## [What you have to do]
Starting with the line that contains "Sandstone (Original Motion Picture Score)" and ending with the last line of the listing, print each line exactly. Pictures stay out.

## [Given material]
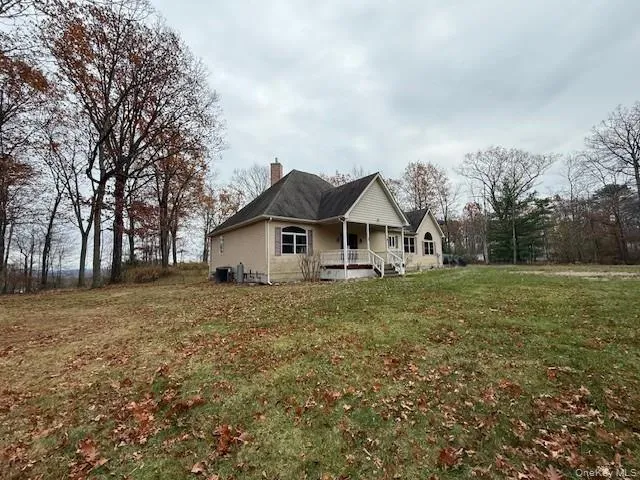 $315,000 | 532 Roosa Gap Road, Bloomingburg, NY 12721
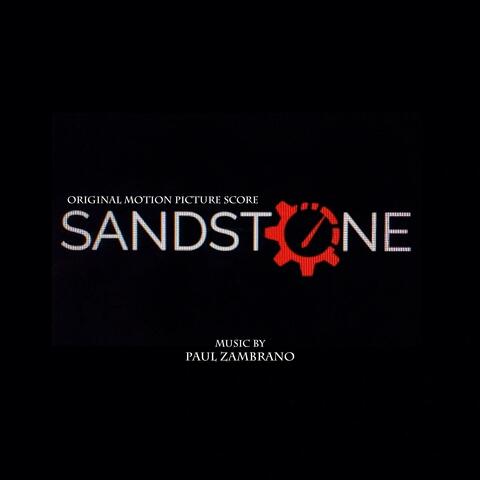 Sandstone (Original Motion Picture Score)
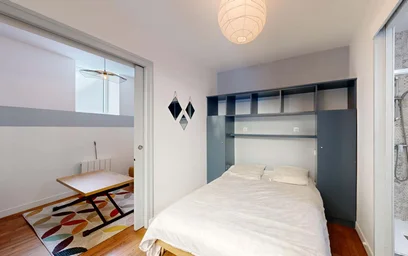 Logement entier à 7 Rue Emile Guichenné, 64000 Pau, France, image 11 de 16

## [Solution to the problem]
 Sandstone (Original Motion Picture Score)
 Logement entier à 7 Rue Emile Guichenné, 64000 Pau, France, image 11 de 16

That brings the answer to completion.